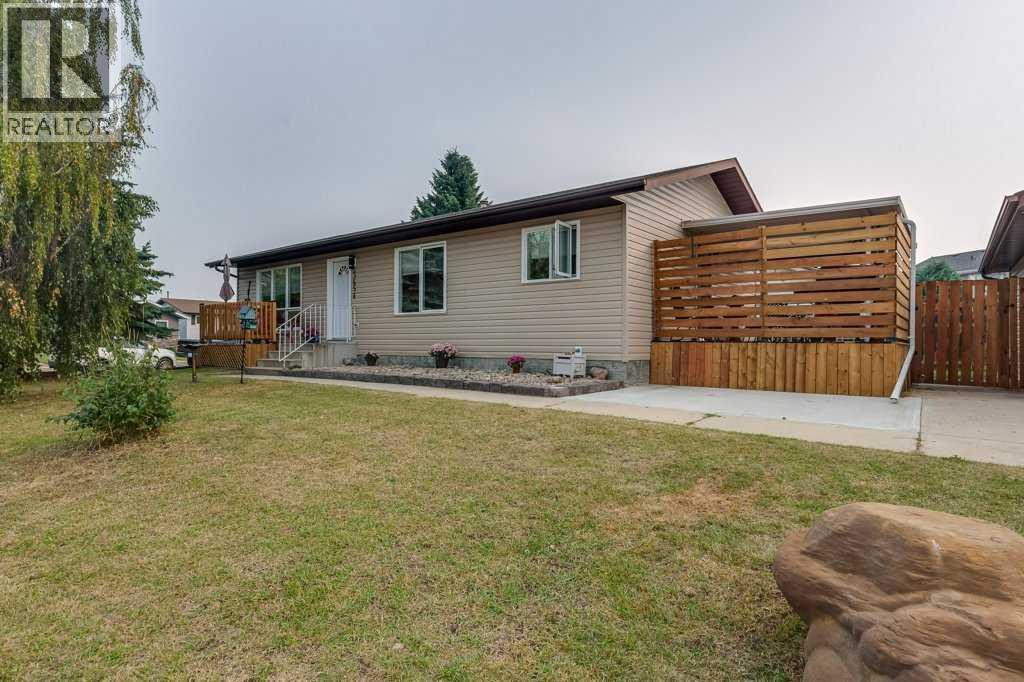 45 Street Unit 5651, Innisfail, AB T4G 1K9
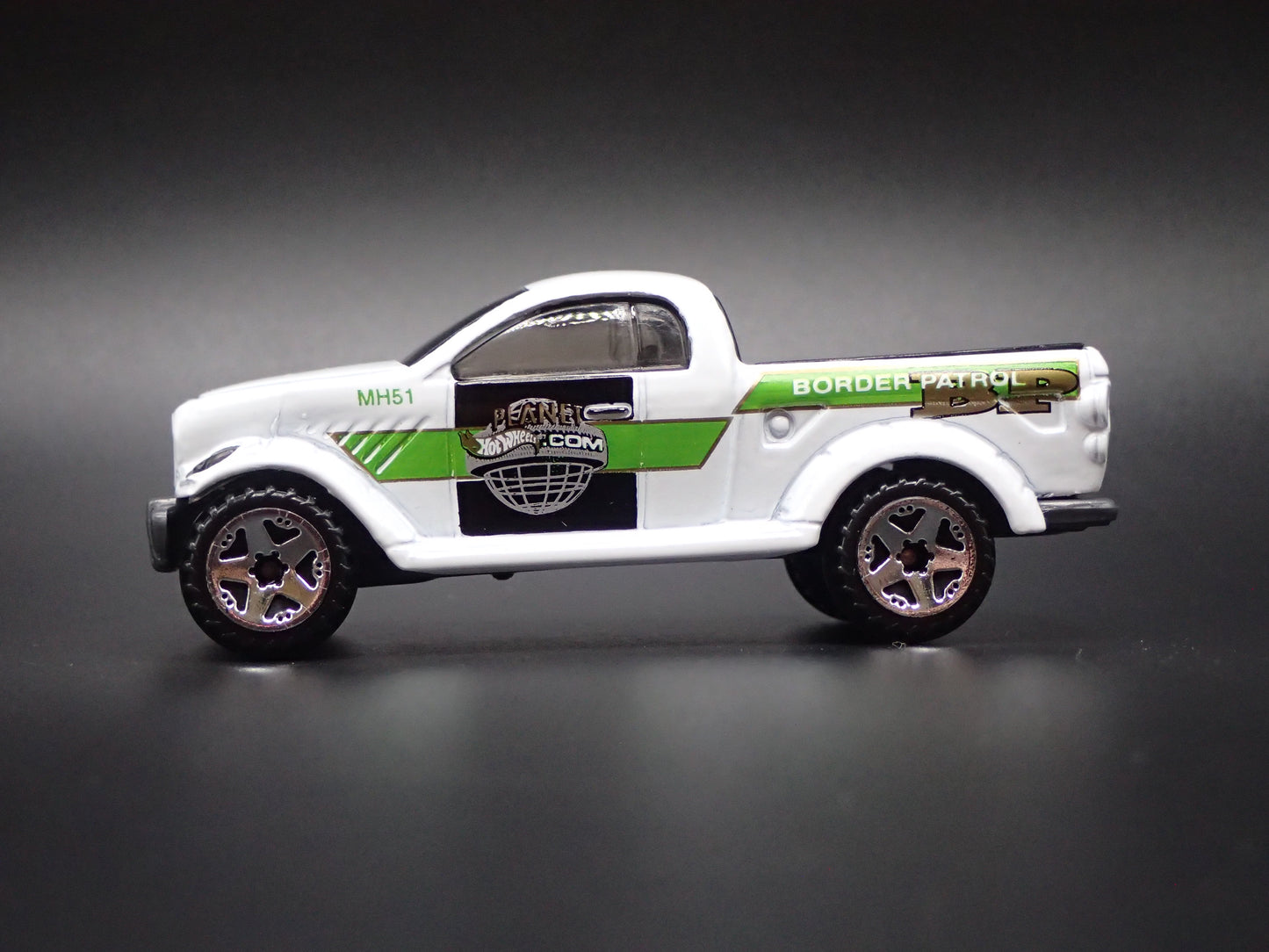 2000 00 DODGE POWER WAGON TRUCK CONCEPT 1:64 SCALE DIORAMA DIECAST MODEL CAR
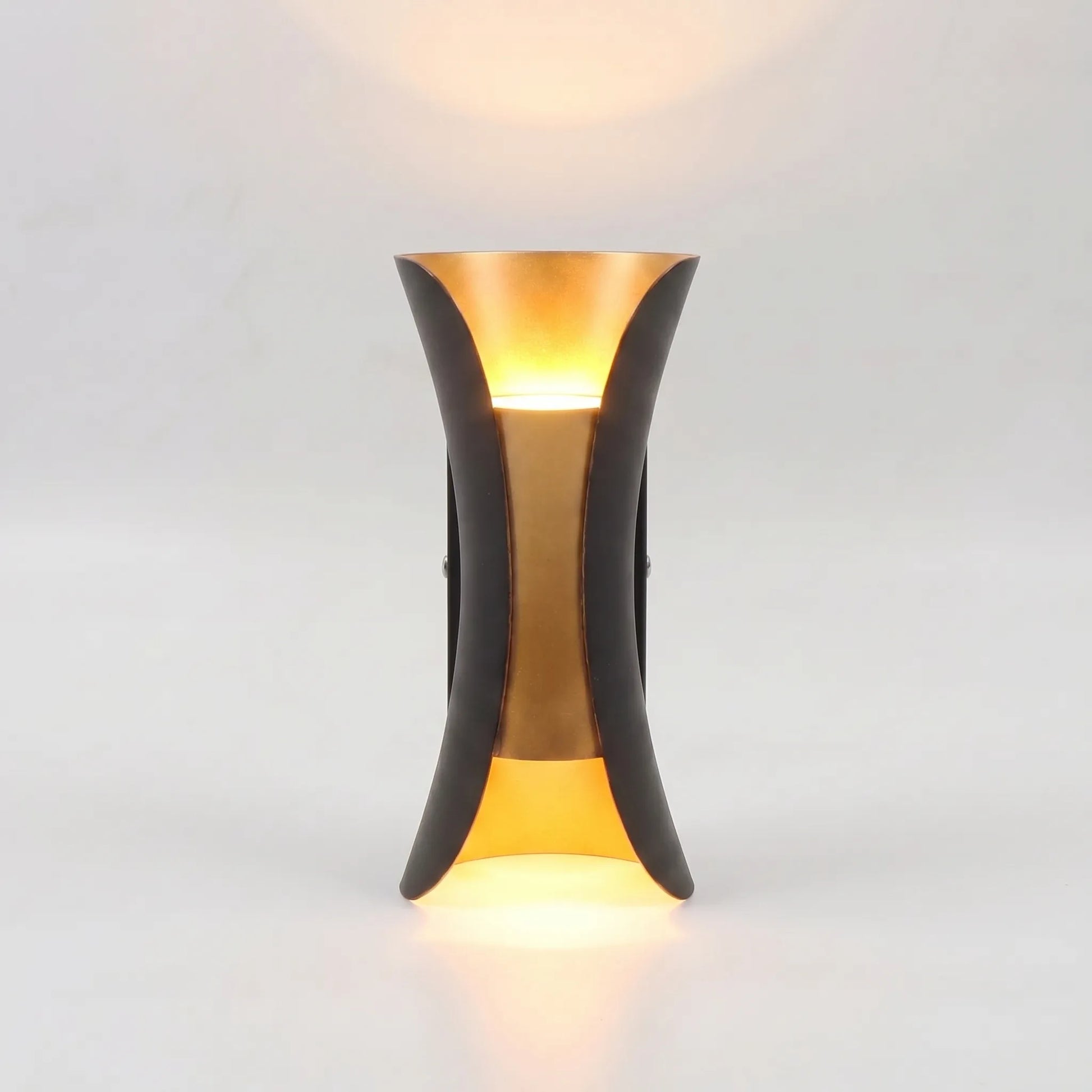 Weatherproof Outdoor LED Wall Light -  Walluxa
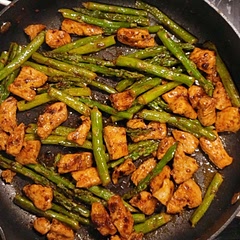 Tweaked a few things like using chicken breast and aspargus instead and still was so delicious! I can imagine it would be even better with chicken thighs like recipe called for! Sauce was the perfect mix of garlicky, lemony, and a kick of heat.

_Work instructions_
Your task is to repeat the data above exactly while excluding the pictures.

_Exercise solution_
 45 Street Unit 5651, Innisfail, AB T4G 1K9
 2000 00 DODGE POWER WAGON TRUCK CONCEPT 1:64 SCALE DIORAMA DIECAST MODEL CAR
 Weatherproof Outdoor LED Wall Light -  Walluxa
 Tweaked a few things like using chicken breast and aspargus instead and still was so delicious! I can imagine it would be even better with chicken thighs like recipe called for! Sauce was the perfect mix of garlicky, lemony, and a kick of heat.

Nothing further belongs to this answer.